Ihr waehlt sie doch -  die Gruenen (=CDU CSU SPD FDP BSW Linke) Alles noch besser als AFD in Regierungsverantwortung - spoiler arlarm: es koennte sich etwas veraendern und Oh Graus, sogar verbessern.  Also weiter so !

Sam Lowry / 06.08.2024

Nur Fahren bzw. Laden, wenn der Wind weht und die Sonne scheint. Gestern sah und hörte ich die neue Corvette mit V8 und 640 Pferdestärken. Das ist Auto! Videos gibts auf YT für Interessierte: “Chevrolet Corvette C8 Z06: Christians neuer Liebling?”

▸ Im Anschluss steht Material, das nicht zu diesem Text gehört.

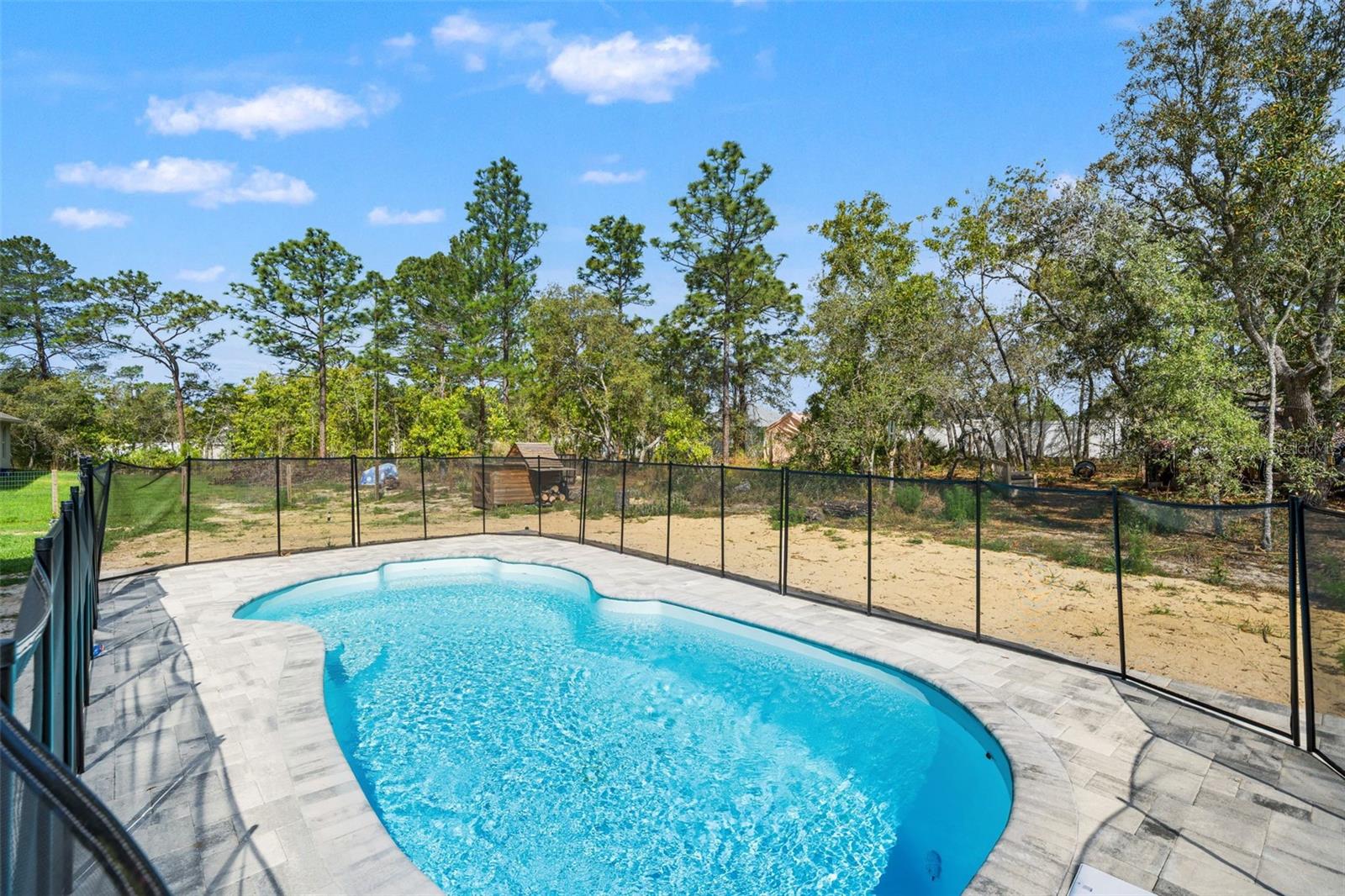 ROYAL HIGHLANDS - Residential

Karlheinz Patek / 06.08.2024

@Hr. Ostrovsky. Bevor dieser Unsinn zum 21-sten Mal kommt empfehle ich ihnen und Anderen auf Youtube Prof. Sinn vom Ifo-Institut zuzuhören. Suchen sie nach “Energiewende ins Nichts”, etwa 1,5 Stunden, das erspart mir diesen Quatsch hier zu widerlegen. Da werden sie eine Menge lernen. Viel Vergnügen dabei.

Bernd Büter / 06.08.2024

Es scheitert schon daran, das es keine “erneuerbaren Energien” gibt. Der Rest ist NSDAP-Gewäsch: Reichskrafttürme bis Wasserstoff, keiner kann ihn halten, Gewäsch.

Martin Schau / 06.08.2024

Bemerkenswert ist die völlige Ignoranz der Medien und der Bevölkerung für den Umstand, dass uns weltweit kein anderer Industriestaat bei diesem Abstiegs-Drama folgt. Nirgends schrillen die Alarmglocken! Das wird sich bitter rächen. Man erinnere sich an Venezuelas verhängnisvollen Weg in den Abgrund namens “Sozialismus des 21. Jahrhunderts”. Will Deutschland ein weiteres Mal untergehen? Offensichtlich. Besten Dank an die depperten Wähler der Altparteien. Dieser ganze Wahnsinn ist eure Schuld.

Jochen Lindt / 06.08.2024

Im letzten Absatz steht doch alles.  Die Ampel kann alles beschliessen, es betrifft sie nicht mehr. Sie könnten auch beschliessen, dass wir ab 2026 auf Wolken reiten, statt Auto zu fahren.  2025 sind sie weg.  Dass die SPD Richtung 5% Hürde läuft, finde ich gut.  Dass aber die Merz-Blackrock-CDU auf 30% kommt, finde ich so unbegreiflich wie entsetzlich.

A. Ostrovsky / 06.08.2024

@Lutz Herrmann : >>Ich sattel’ um. Vom Unternehmensberater zum Wolfsmanager, bzw. Dunkelheitsschamanen.<< ## Ich sag mal so, besser ist es wahrscheinlich. Sonst brauchen Sie ja immer neue Unternehmen. Aber wo sollen die herkommen.

A. Ostrovsky / 06.08.2024

@Giesemann : >>CO2 weg, mit Wasserstoff, ein Stromspeicher ist gefunden, der sich zudem leicht lagern lässt.<< Ich habe sicher in Physik schlecht aufgepasst. Wasserstoff ist das Gas mit der geringsten Dichte. Man braucht monströßse Volumina. Oder man “verdichtet” es. Die Idee, Wasserstoff zu lagern, braucht entweder ungeheuer viel Platz oder der Wirkungsgrad geht gegen Null. Es ist eine Schnapsidee. >>Und klar: Pipelinegas vom Russen ist immer billiger, WENN er liefert, zu einem vernünftigen Preis.<< Am Russen hat es wohl nicht gelegen, sondern am Großen Bruder. Aber jetzt würde ich langsam mal die Hoffnung aufgeben, dass wir nochmal in der Zeit zurück gehen können. Zu viel Unumkehrbares ist geschehen. Mit dieser Mannschaft ist die Chance bei minus vier.